A number of boats here in Nelson, even more than we saw in North Island are a tough breed. Quite a few of the sailboats (yachts) have hard dodgers for protection from the wind and cold. There are quite a few well maintained old wood power boats (launches) that seem to be unique to New Zealand. They are long and narrow, some with their original gasoline engines, with a light foremast and aft mast, ketch rigged if you will, to give them stability in choppy seas and as emergency propulsion. The Aussie couple we mentioned above with the ex cray fishing boat has the same set up but with a beam and draft designed to carry a load and a heavy mast capable of carrying sail in high wind. One thing interesting about their boat is they still have the open well inside the boat to carry live crayfish. There are holes drilled thru the bottom to flood this large chest. This water weight gives them quite a bit of stability at sea in addition to their sails. Poured cement in the bottom of the well fine tuned the ballast. If in the future they need more storage they could easily plug the holes and pour more cement for ballast. Yesterday we saw an old powerboat whose stern has as fine an entry as its bow, the ultimate canoe stern. So what we are saying is the boats and their folks are an interesting lot giving us a lot of pleasure while we wander around the marina. This weekend we are off to a wooden boat festival in the Nelson Lakes district. That should be fun as well.

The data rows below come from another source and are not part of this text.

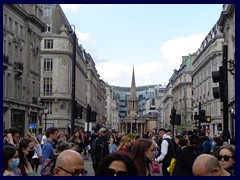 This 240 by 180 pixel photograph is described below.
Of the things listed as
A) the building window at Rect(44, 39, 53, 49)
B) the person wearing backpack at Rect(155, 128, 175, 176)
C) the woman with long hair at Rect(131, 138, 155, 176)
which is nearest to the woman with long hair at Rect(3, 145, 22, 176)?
the woman with long hair at Rect(131, 138, 155, 176)

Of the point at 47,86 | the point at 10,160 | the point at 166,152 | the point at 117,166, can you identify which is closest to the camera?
the point at 117,166

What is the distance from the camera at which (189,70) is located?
131 meters

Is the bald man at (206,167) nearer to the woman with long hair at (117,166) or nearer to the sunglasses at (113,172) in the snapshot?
the woman with long hair at (117,166)

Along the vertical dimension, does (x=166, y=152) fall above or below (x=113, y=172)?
below

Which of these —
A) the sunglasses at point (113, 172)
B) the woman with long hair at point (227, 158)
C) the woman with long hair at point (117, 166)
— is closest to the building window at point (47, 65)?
the woman with long hair at point (227, 158)

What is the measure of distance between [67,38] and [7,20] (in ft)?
114

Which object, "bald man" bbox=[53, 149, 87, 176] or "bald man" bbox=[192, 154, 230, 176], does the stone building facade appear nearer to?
"bald man" bbox=[53, 149, 87, 176]

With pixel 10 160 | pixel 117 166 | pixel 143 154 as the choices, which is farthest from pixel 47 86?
pixel 117 166

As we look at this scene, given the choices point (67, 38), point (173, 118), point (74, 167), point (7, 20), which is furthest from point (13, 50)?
point (74, 167)

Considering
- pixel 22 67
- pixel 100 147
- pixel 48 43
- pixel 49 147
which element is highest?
pixel 48 43

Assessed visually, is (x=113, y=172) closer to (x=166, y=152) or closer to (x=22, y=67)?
(x=166, y=152)

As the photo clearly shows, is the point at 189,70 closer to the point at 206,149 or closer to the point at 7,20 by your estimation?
the point at 7,20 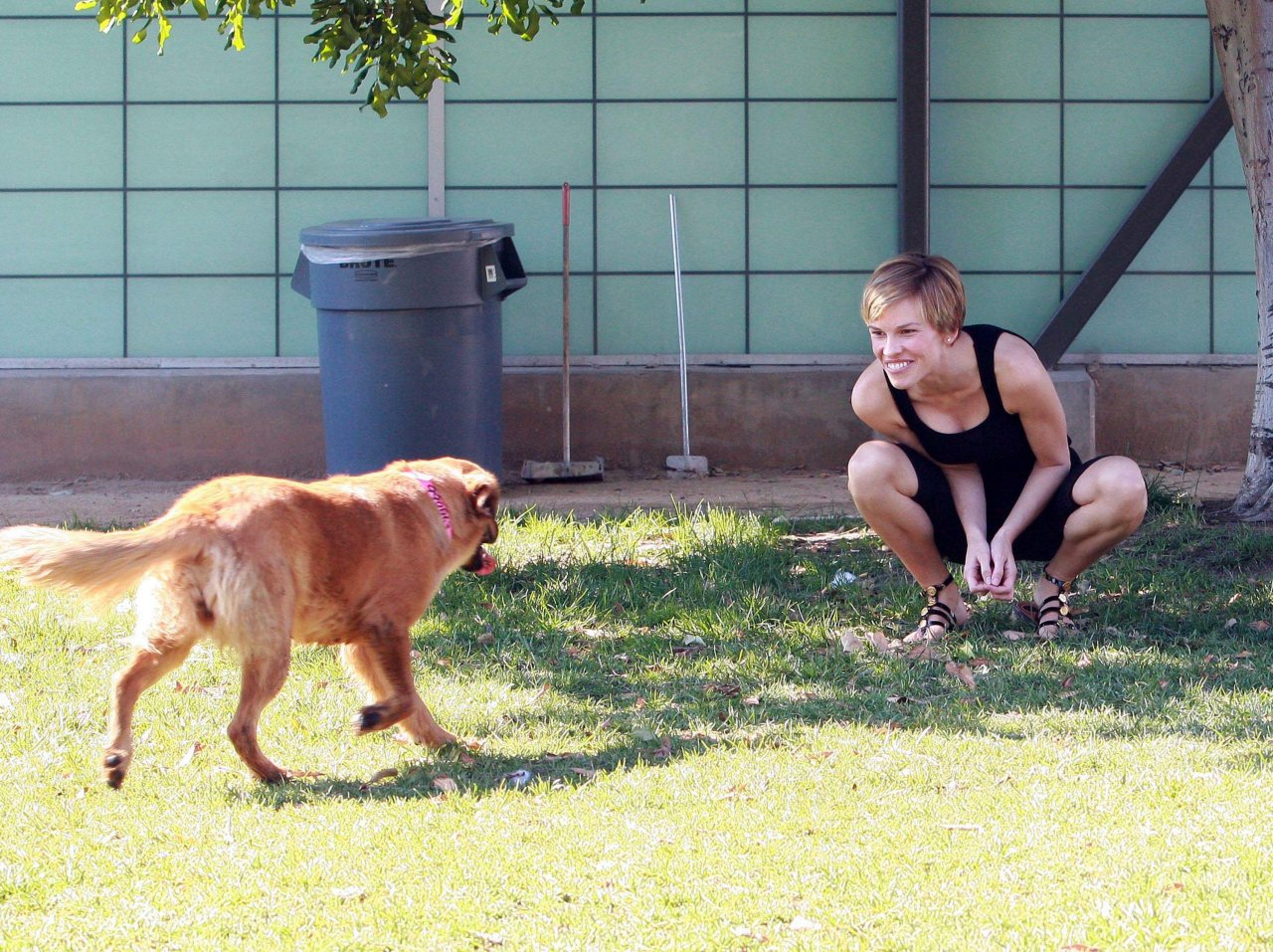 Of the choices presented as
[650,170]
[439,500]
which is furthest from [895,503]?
[650,170]

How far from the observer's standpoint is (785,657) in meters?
4.60

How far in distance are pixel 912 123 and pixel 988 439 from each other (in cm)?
409

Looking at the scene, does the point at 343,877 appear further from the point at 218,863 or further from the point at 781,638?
the point at 781,638

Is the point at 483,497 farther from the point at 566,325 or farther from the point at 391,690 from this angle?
the point at 566,325

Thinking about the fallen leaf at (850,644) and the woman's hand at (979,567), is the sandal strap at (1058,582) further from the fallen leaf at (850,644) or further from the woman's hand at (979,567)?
the fallen leaf at (850,644)

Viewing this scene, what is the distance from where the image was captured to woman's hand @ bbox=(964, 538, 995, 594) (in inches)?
172

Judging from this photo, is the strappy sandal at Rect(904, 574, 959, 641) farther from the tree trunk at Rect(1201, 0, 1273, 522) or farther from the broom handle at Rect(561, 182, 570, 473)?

In the small world department, the Grace crew (mom, dad, and three boat kids we first met in Papeete, Tahiti) are in town visiting the NP crew. We all went to dinner last night then came back to Egret for ice cream and coffee. Their sailing catamaran is in a port (Bundaberg) just north of Brisbane, Australia where they did a bit of a fluff and puff (cosmetic refit along with refrigeration) before heading out again. In the same harbor is N55 Myah (we first met in Papeete as well) getting some warranty work and upgrades (solar among others) taken care of. Both Grace and Myah are joining a boat rally in June from Oz to Indonesia. Small world indeed, and again you can see how some of us moving slowly west seeing this n that are bumping into each other here n there. When we do meet again its like they never left and we take up where we left off. The Grace crew has one more year 'out' before returning home and the BK's (boat kids) return to formal schooling instead of home schooling.

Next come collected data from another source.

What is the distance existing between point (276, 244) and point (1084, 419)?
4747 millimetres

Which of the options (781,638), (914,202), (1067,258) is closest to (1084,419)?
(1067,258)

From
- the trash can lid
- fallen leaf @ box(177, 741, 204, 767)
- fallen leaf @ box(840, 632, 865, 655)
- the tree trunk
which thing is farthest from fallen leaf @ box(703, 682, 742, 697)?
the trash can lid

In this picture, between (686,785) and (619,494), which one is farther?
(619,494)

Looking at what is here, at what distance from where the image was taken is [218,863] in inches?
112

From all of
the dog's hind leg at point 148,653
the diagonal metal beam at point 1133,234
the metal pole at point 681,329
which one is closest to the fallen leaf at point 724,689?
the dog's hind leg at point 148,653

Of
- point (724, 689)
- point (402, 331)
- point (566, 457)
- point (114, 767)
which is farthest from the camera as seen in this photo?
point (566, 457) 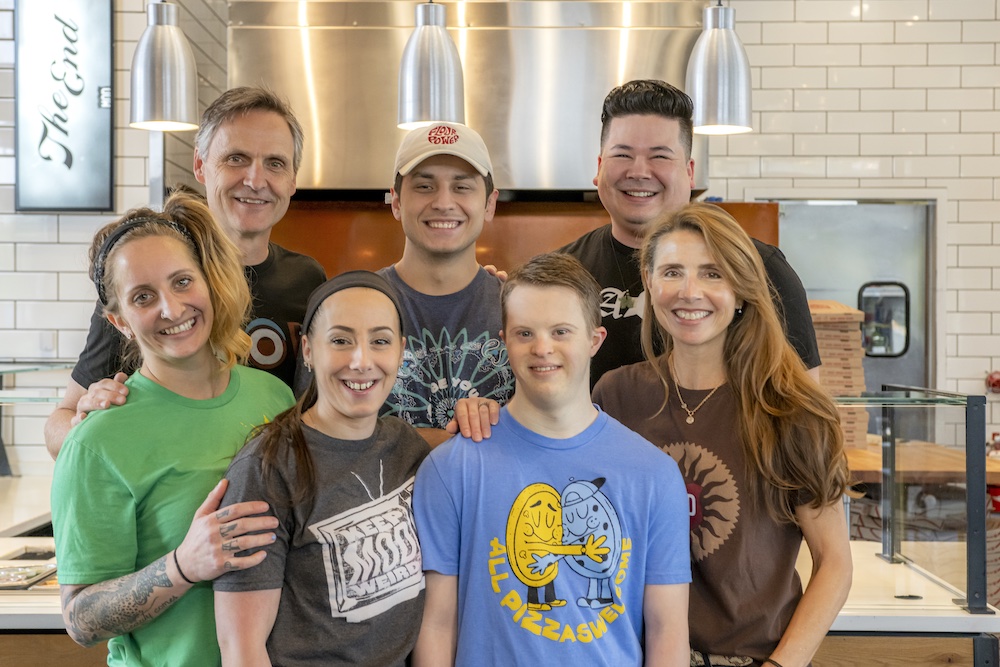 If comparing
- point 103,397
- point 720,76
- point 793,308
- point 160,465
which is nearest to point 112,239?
point 103,397

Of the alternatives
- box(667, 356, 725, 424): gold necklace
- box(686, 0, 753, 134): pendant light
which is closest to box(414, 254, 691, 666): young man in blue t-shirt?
box(667, 356, 725, 424): gold necklace

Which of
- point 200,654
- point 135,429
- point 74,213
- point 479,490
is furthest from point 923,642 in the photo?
point 74,213

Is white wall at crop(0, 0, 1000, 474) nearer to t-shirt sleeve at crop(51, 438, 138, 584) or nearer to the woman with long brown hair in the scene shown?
the woman with long brown hair

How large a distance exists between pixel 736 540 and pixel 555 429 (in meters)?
0.36

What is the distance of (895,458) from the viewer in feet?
7.26

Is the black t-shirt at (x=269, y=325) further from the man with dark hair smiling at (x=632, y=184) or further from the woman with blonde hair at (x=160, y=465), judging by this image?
the man with dark hair smiling at (x=632, y=184)

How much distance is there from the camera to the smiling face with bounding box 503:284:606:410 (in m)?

A couple days later. Its been a social whirl with the three boats, NP, Grace and Egret meeting daily for dinners and thisas and thats. Today was a yachtie gang visit to Nelson's World of Wearable Art (WOW) museum. WOW is a combination automobile museum and the wildest imaginable clothes art collection you can imagine. In fact, you couldn't imagine it. It is practically emotional watching the displays of clothes entries from 2000 until now. How can folks have THAT much imagination????? Unfortunately you aren't allowed to take pictures of the clothes to preserve the artists' originality. The cars however were a different matter. Both Mary and I took a number of artsy fartsy pictures of different cars. Pretty cool. We'll show an example today and mail a few along with some New Zealand photos back to the States to be shown on the VofE website.

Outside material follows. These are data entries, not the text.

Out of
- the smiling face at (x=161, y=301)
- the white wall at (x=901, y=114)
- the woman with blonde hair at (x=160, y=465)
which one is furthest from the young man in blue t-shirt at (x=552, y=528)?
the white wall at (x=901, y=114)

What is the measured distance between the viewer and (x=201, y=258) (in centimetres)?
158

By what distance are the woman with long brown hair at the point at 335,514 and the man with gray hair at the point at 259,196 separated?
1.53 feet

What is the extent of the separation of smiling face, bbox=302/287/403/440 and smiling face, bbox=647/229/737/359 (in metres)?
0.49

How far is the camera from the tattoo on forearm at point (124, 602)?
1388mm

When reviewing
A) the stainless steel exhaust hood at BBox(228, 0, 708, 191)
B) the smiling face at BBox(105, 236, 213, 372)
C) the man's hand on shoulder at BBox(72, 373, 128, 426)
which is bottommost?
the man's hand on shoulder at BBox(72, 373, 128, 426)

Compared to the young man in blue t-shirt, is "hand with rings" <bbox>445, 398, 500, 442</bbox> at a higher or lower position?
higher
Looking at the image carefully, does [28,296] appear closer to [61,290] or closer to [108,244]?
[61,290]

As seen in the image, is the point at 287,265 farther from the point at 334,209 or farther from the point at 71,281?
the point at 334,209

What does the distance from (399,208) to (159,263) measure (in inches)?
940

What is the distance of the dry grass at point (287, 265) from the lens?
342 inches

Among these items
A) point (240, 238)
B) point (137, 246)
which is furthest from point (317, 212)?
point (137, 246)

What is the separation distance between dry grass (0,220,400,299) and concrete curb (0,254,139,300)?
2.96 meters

Along these same lines we went to the Nelson equivalent of a soap box derby with a twist. Unlike US soap box derby cars some of these entrys have the engineering of an Indy car. Demonstration runs by a few entrants were being held in the rain after the event was cancelled. One unfortunate fellow, an adult no less, in an entry that was shaped like a high top shoe complete with laces in front crashed and burned* after the finish line. This entry had pre-K engineering. So they hauled him away in an ambulance. And the kids kept coming down the hill. Great fun except for the crashee. The crashor had a few scrapes and is ready for the next upset. *'crash and burned is an expression from our old race car days. He didn't burn... gravity and cajones were his only fuel. Unless of course he shot a couple quick beers to get the nerve to ride this ting. But that is speculation, not known fact.

So there you have it. A little home base happenings and a few more days in The Life. Ciao.

Ed. Note - The glossary of Egretism terms will be posted on the Captain's Log home page for easy reference.